## TO DO
Keep every word of the entries and print them exactly; the pictures stay out.

(Short descriptive text snippets)
_ _ _ _ _ _ _
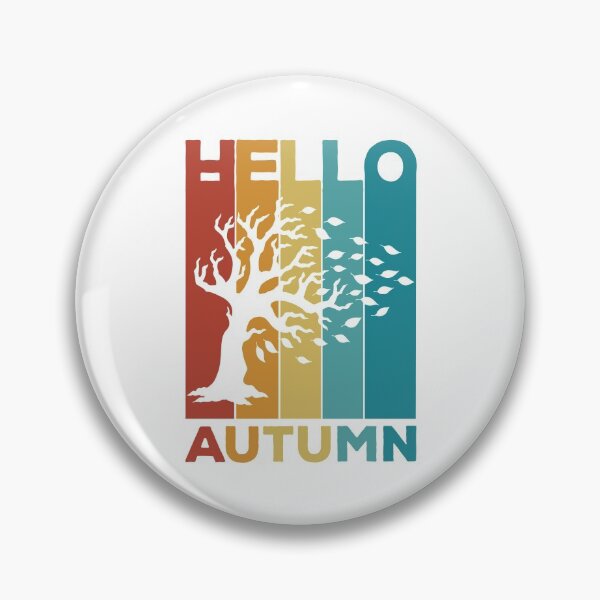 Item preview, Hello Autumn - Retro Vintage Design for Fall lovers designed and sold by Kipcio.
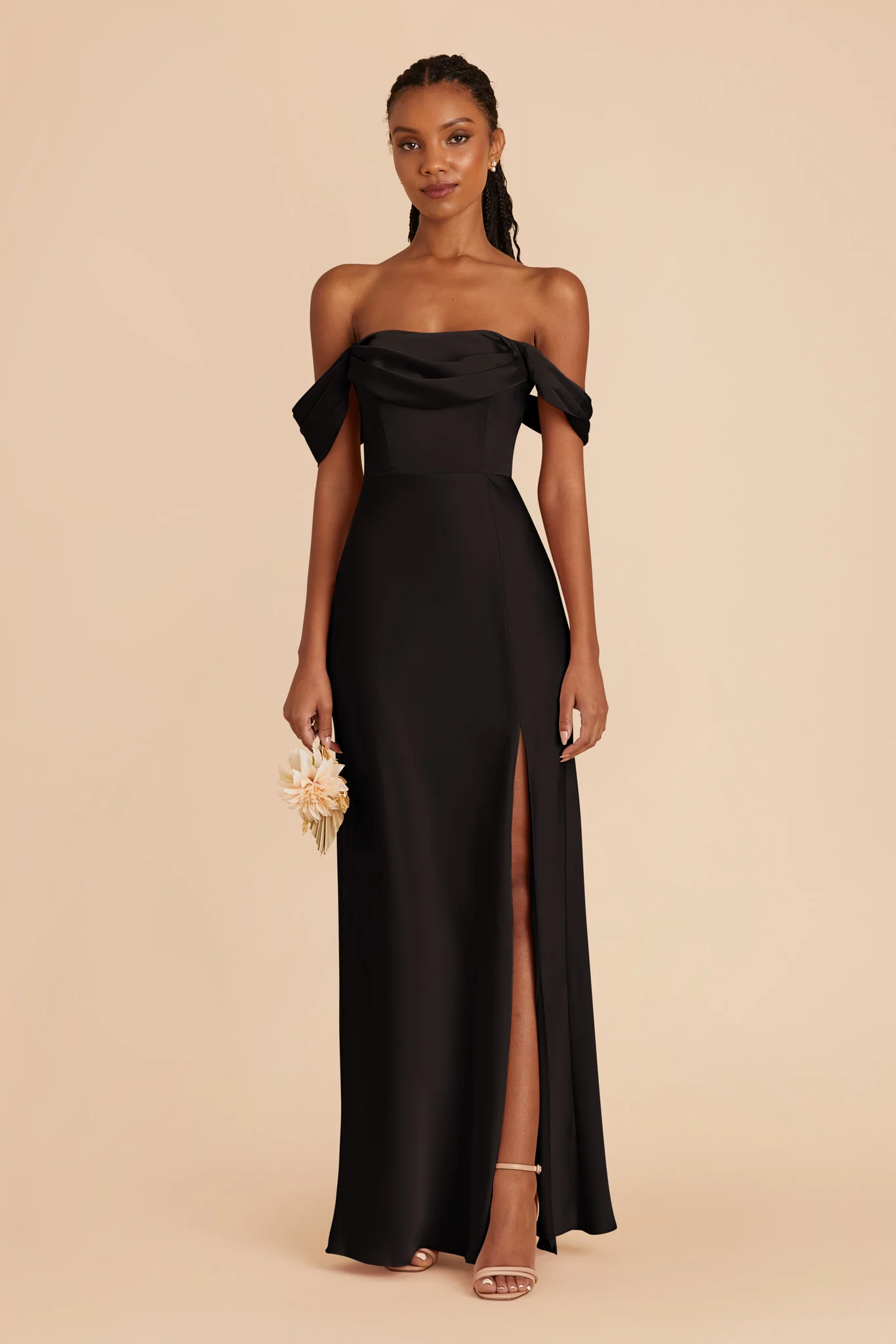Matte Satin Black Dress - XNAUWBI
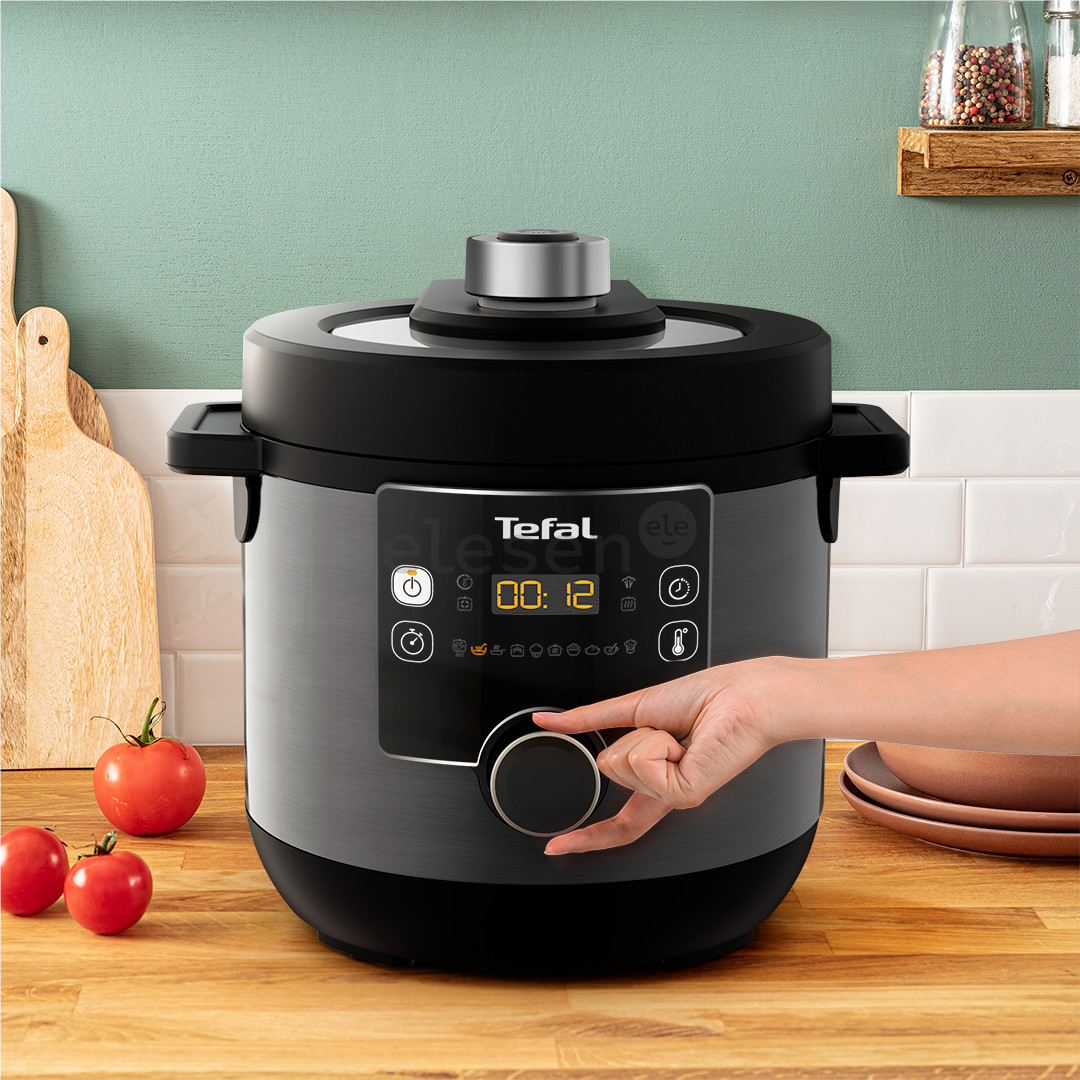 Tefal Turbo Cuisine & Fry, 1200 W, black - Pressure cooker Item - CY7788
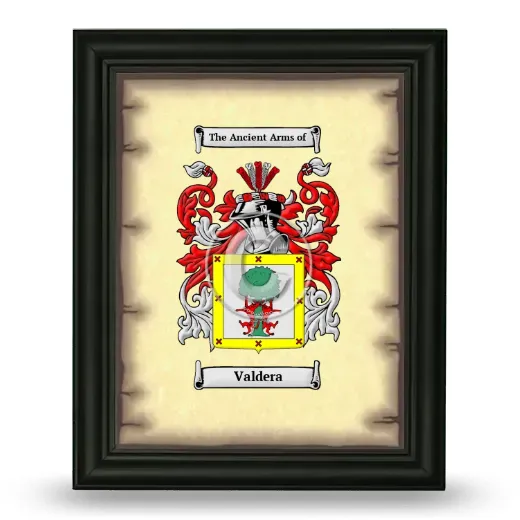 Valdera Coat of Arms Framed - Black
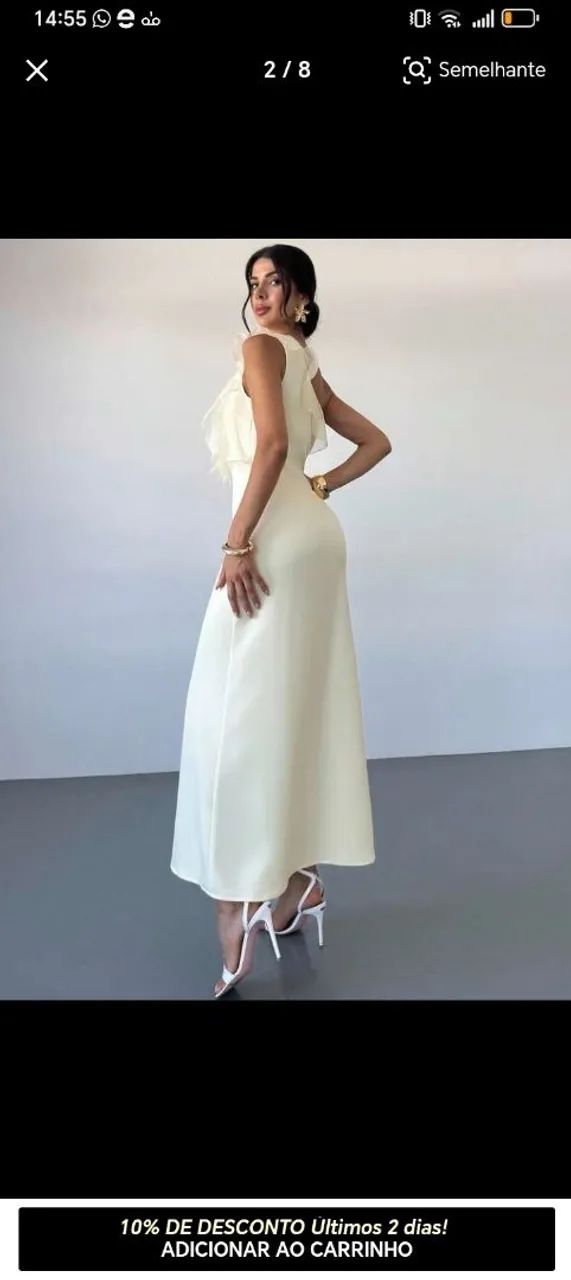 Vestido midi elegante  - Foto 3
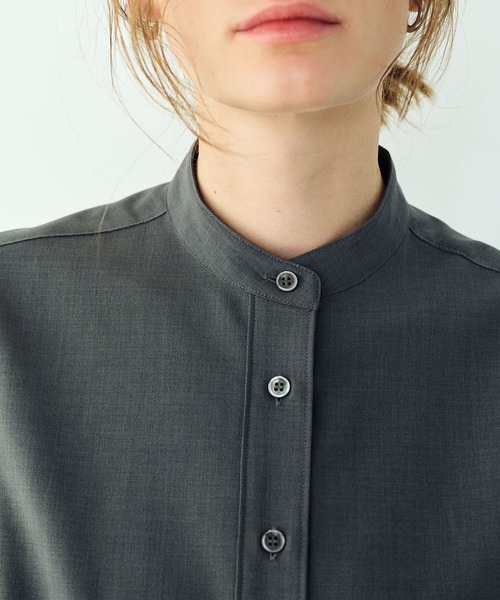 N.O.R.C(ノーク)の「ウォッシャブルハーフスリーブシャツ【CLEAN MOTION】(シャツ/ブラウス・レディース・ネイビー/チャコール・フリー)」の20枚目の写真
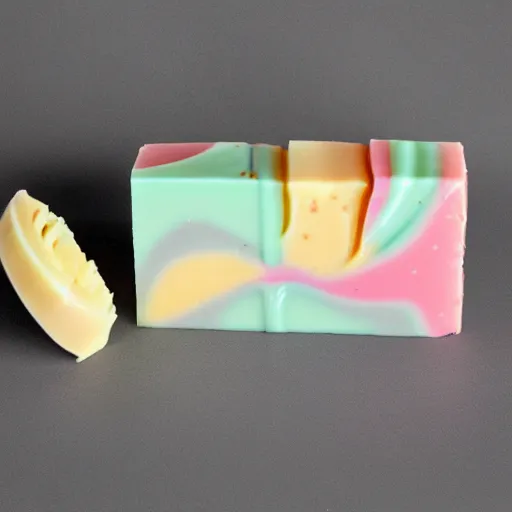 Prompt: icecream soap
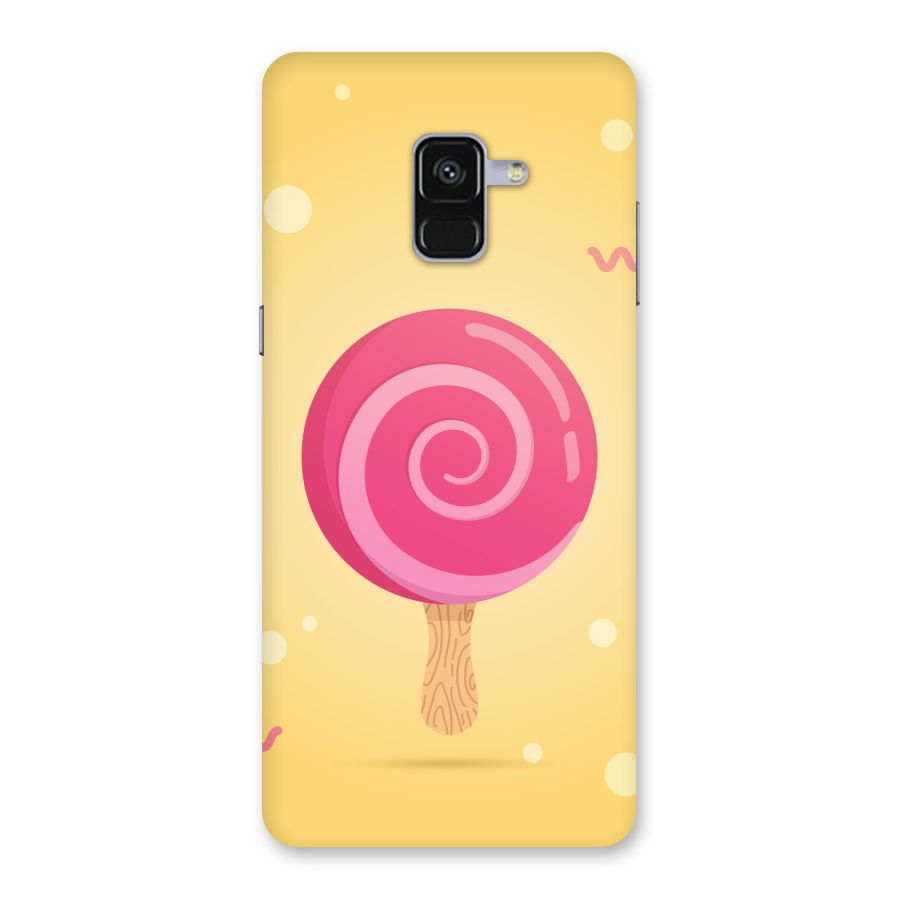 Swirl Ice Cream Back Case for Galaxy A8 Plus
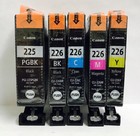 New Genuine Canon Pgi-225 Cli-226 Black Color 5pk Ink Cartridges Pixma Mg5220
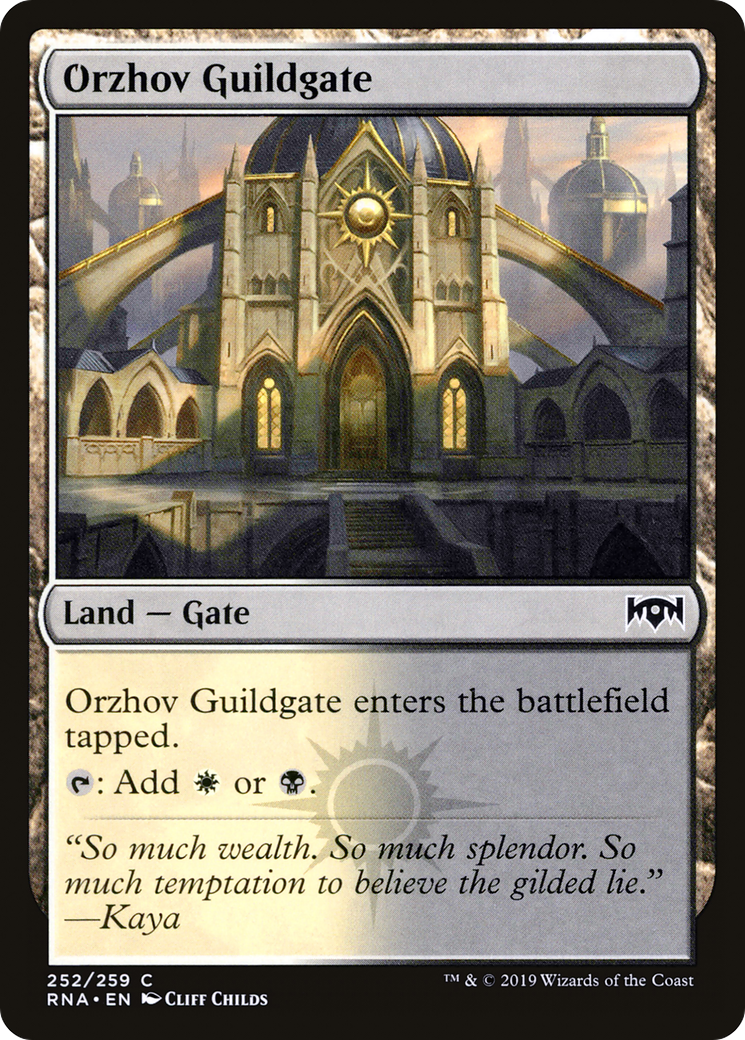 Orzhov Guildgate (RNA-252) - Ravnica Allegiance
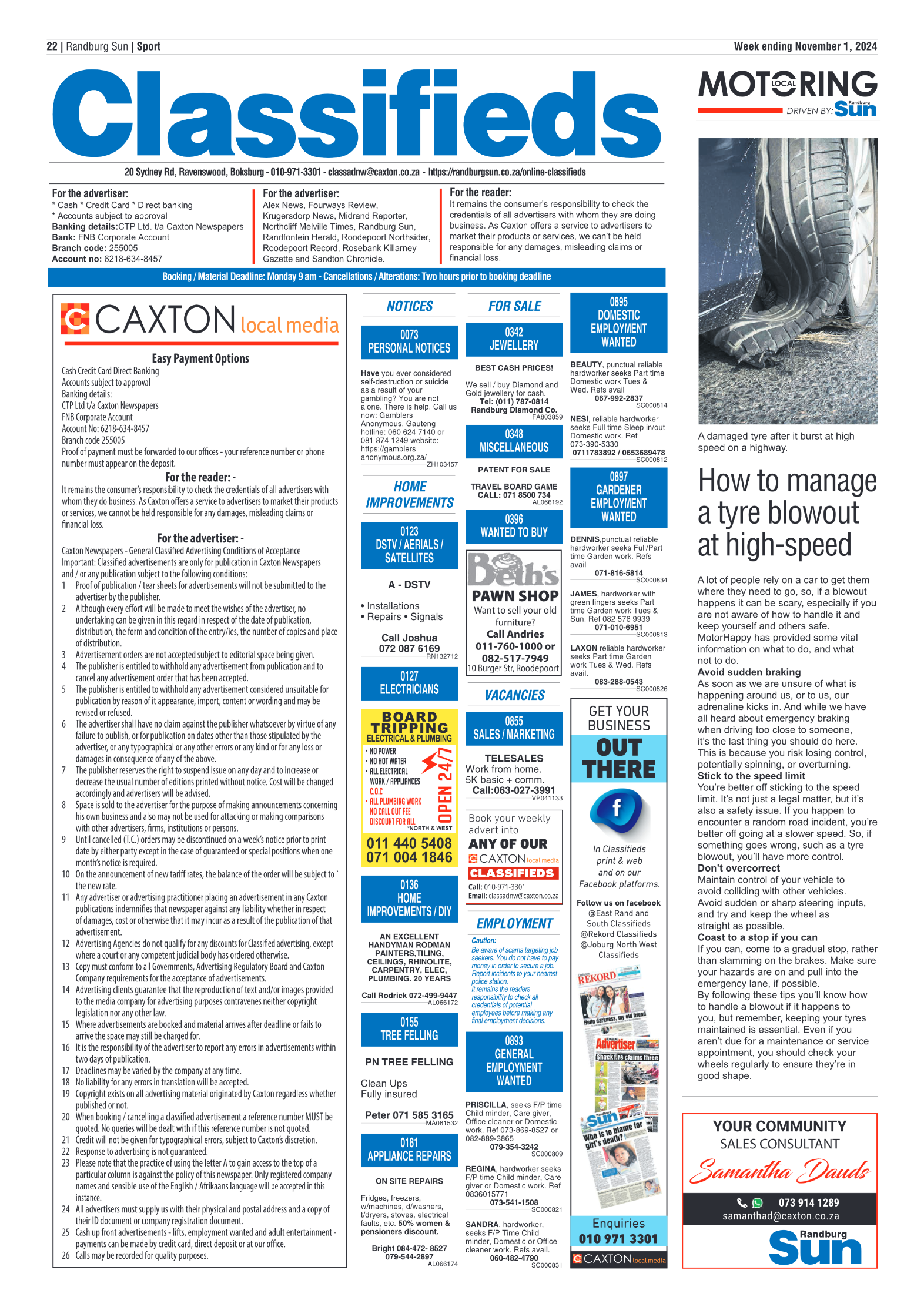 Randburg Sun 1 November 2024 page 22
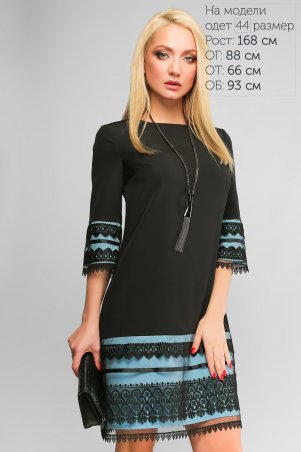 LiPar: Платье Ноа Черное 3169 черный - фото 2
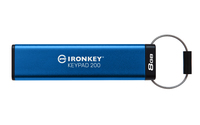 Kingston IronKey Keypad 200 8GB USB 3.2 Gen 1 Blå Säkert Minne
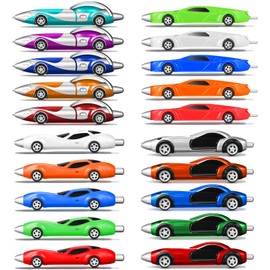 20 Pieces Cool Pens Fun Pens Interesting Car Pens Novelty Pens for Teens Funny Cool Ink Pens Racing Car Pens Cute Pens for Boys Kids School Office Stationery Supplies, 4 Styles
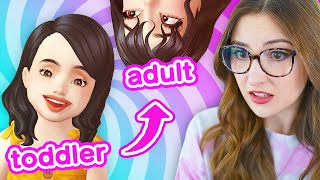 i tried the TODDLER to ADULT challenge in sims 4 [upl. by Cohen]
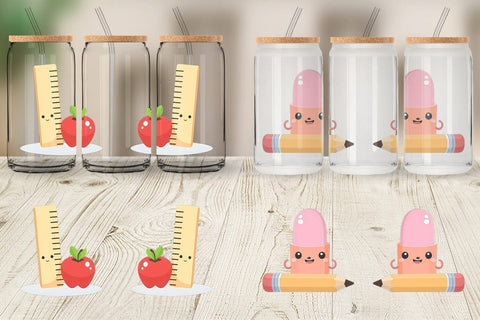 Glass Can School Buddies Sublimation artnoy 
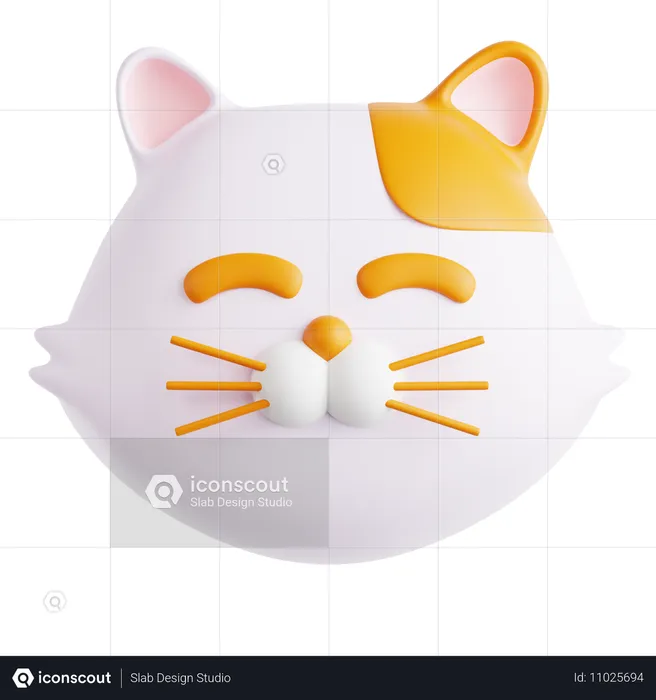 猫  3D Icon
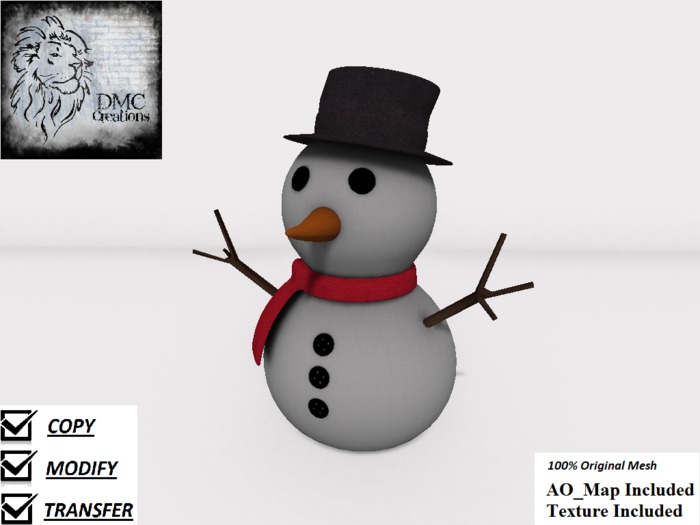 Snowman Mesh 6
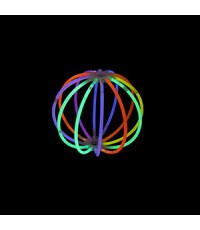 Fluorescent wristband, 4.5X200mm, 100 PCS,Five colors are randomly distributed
_ _ _ _ _ _ _
## WORKED SOLUTION
 Item preview, Hello Autumn - Retro Vintage Design for Fall lovers designed and sold by Kipcio.
Matte Satin Black Dress - XNAUWBI
 Tefal Turbo Cuisine & Fry, 1200 W, black - Pressure cooker Item - CY7788
 Valdera Coat of Arms Framed - Black
 Vestido midi elegante  - Foto 3
 N.O.R.C(ノーク)の「ウォッシャブルハーフスリーブシャツ【CLEAN MOTION】(シャツ/ブラウス・レディース・ネイビー/チャコール・フリー)」の20枚目の写真
 Prompt: icecream soap
 Swirl Ice Cream Back Case for Galaxy A8 Plus
 New Genuine Canon Pgi-225 Cli-226 Black Color 5pk Ink Cartridges Pixma Mg5220
 Orzhov Guildgate (RNA-252) - Ravnica Allegiance
 Randburg Sun 1 November 2024 page 22
 LiPar: Платье Ноа Черное 3169 черный - фото 2
 Kingston IronKey Keypad 200 8GB USB 3.2 Gen 1 Blå Säkert Minne
 20 Pieces Cool Pens Fun Pens Interesting Car Pens Novelty Pens for Teens Funny Cool Ink Pens Racing Car Pens Cute Pens for Boys Kids School Office Stationery Supplies, 4 Styles
 i tried the TODDLER to ADULT challenge in sims 4 [upl. by Cohen]
 Glass Can School Buddies Sublimation artnoy 
 猫  3D Icon
 Snowman Mesh 6
 Fluorescent wristband, 4.5X200mm, 100 PCS,Five colors are randomly distributed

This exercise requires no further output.